Data entries

┄┄┄┄┄┄┄┄┄┄

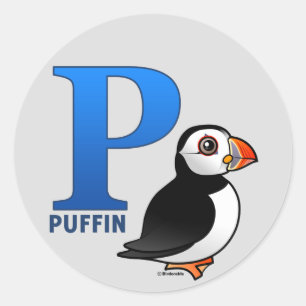Sticker Rond P est pour Puffin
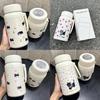 Cat Pattern Insulated Large Capacity Water Bottle With Leakproof Lid For Students And Commuters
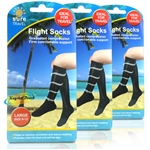 3x Sure Travel Flight Compression Unisex DVT 12-17mmHg Black LARGE Socks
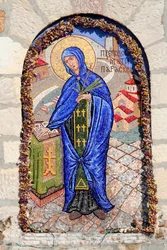 Serbia, Belgrade, Kalemegdan Fortress, Chapel of St Petka, Mosaic of St Petka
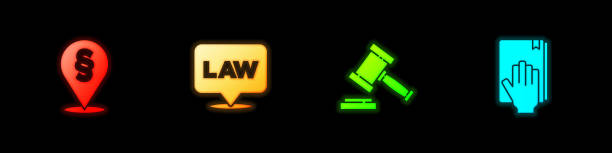 istock Set Location law, , Judge gavel and Oath the Holy Bible icon. Vector 2166120137
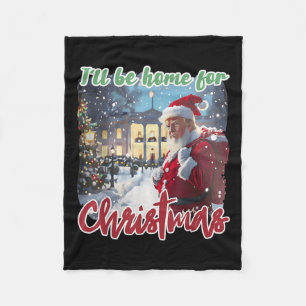 Jag kommer hem till jultomten Jultomten Fleecefilt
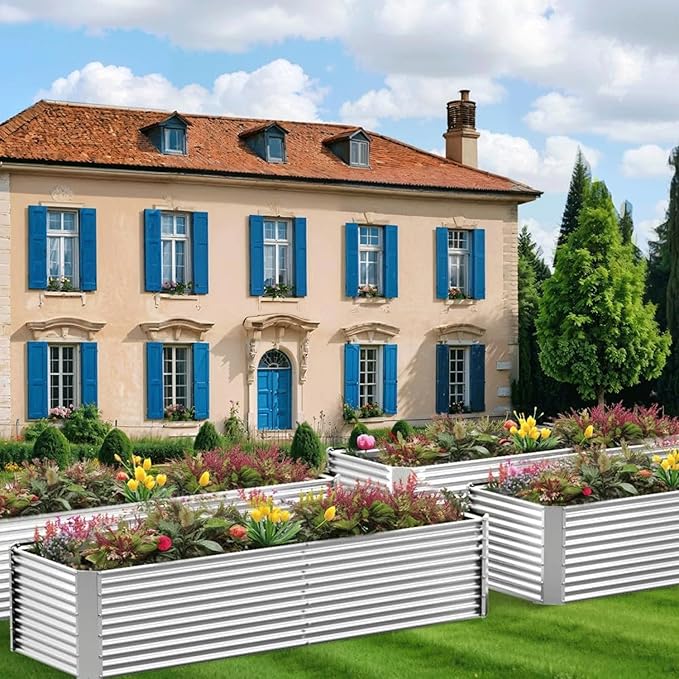 4 Pack Tall Corrugated Galvanized Steel Raised Garden Bed Outdoor, Metal Above Ground Garden Bed for Vegetables and Flowers, Rectangle Raised Beds for Gardening-4x2FT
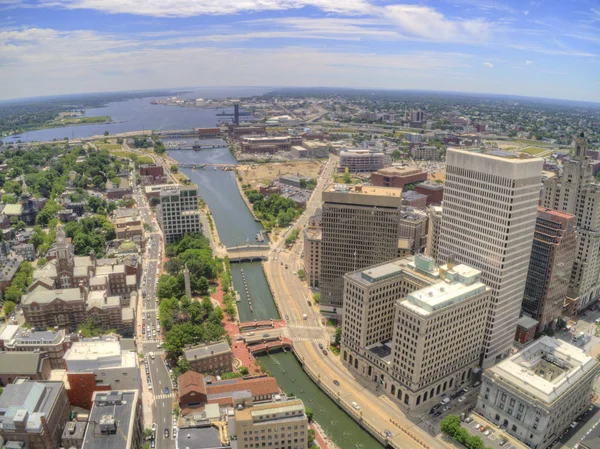 Providence Rhode Island Vista Desde Arriba Por Avión Tripulado Aéreo —  Fotos de Stock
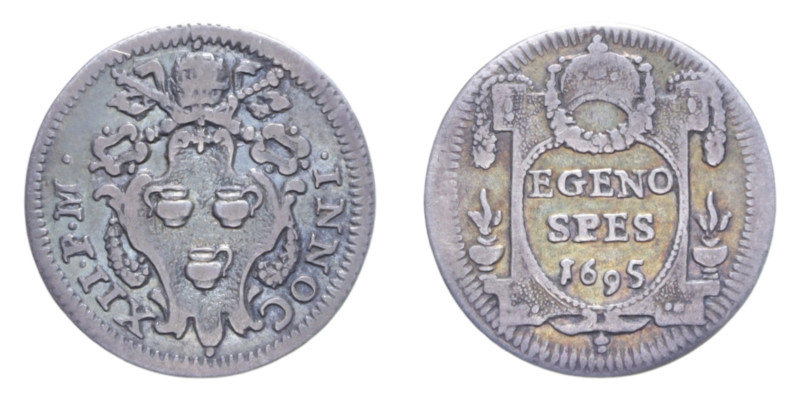 ROMA INNOCENZO XII (1691-1700) GROSSO 1695 AG. 1,50 GR. MIR. 2162/2 R BB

┄┄┄┄┄┄┄┄┄┄

__Your instructions__
Copy the entries above exactly from the line with "Providence Rhode Island" down to their last line, both ends included. Do not copy any pictures.

__Response__
 Providence Rhode Island Vista Desde Arriba Por Avión Tripulado Aéreo —  Fotos de Stock
 ROMA INNOCENZO XII (1691-1700) GROSSO 1695 AG. 1,50 GR. MIR. 2162/2 R BB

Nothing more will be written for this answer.